Task
Each line from the one with "Wohnung kaufen in" through the last line below must be written out exactly. Do not copy pictures.

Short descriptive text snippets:
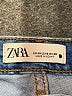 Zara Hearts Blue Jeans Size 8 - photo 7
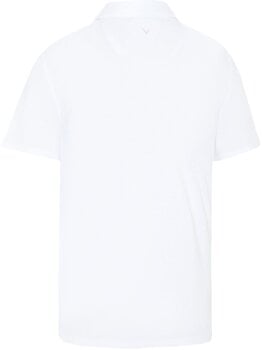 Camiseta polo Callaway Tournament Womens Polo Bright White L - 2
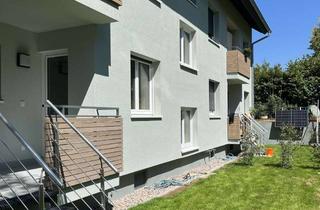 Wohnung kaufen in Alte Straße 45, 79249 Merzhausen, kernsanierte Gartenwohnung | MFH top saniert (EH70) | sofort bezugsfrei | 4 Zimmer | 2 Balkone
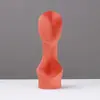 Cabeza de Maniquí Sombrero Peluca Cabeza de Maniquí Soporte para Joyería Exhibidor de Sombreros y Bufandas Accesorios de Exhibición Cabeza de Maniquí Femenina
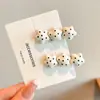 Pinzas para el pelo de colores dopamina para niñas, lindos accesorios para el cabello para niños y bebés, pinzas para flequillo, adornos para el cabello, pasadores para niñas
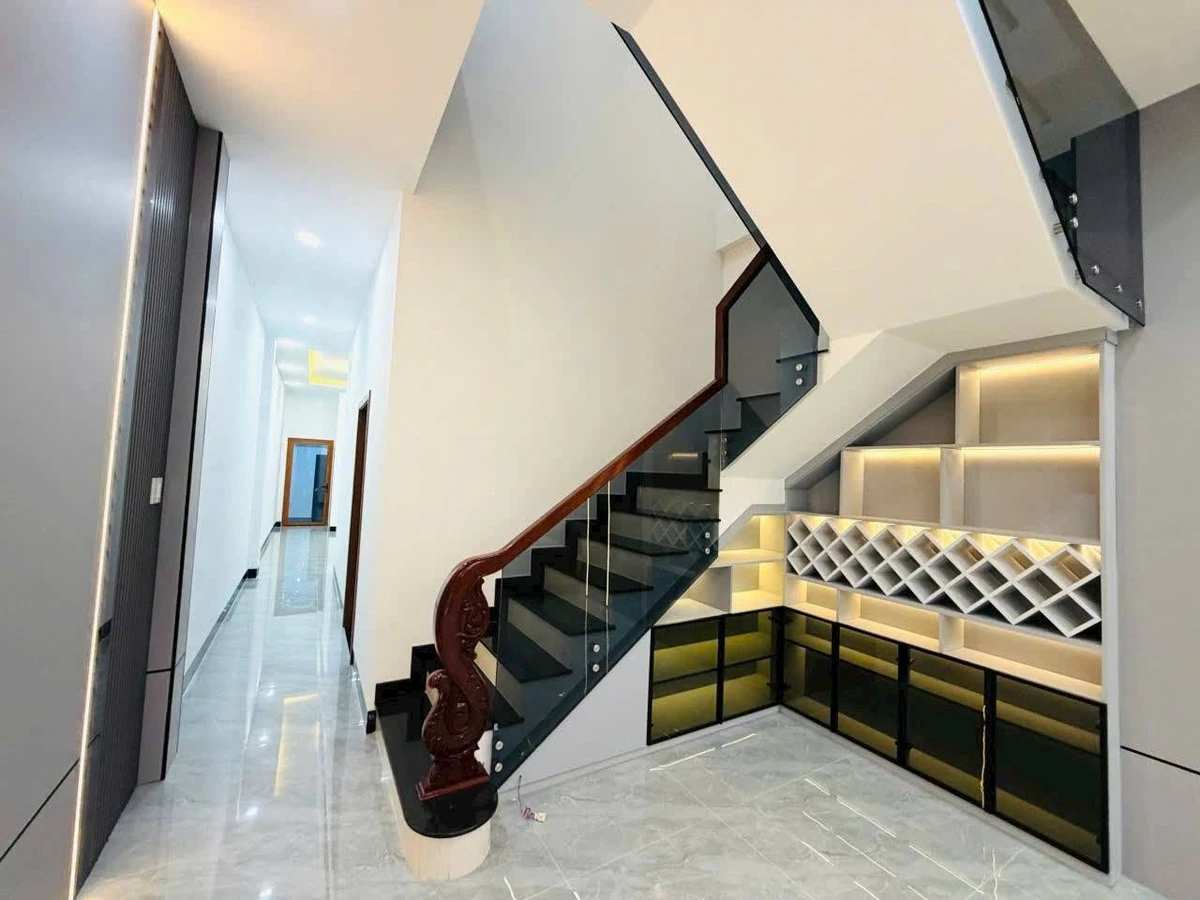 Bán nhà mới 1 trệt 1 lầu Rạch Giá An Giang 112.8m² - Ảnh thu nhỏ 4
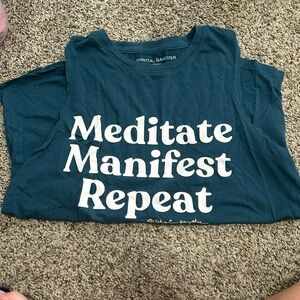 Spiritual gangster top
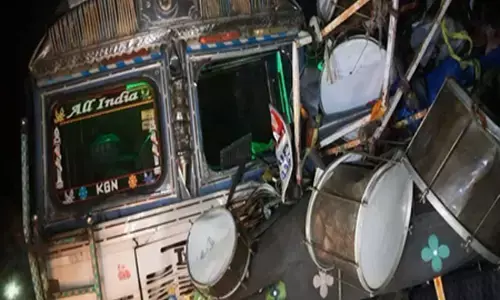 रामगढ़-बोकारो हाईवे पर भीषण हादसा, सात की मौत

Answer for the task
 Wohnung kaufen in Alte Straße 45, 79249 Merzhausen, kernsanierte Gartenwohnung | MFH top saniert (EH70) | sofort bezugsfrei | 4 Zimmer | 2 Balkone
 Cabeza de Maniquí Sombrero Peluca Cabeza de Maniquí Soporte para Joyería Exhibidor de Sombreros y Bufandas Accesorios de Exhibición Cabeza de Maniquí Femenina
 Pinzas para el pelo de colores dopamina para niñas, lindos accesorios para el cabello para niños y bebés, pinzas para flequillo, adornos para el cabello, pasadores para niñas
 Bán nhà mới 1 trệt 1 lầu Rạch Giá An Giang 112.8m² - Ảnh thu nhỏ 4
 Spiritual gangster top
 रामगढ़-बोकारो हाईवे पर भीषण हादसा, सात की मौत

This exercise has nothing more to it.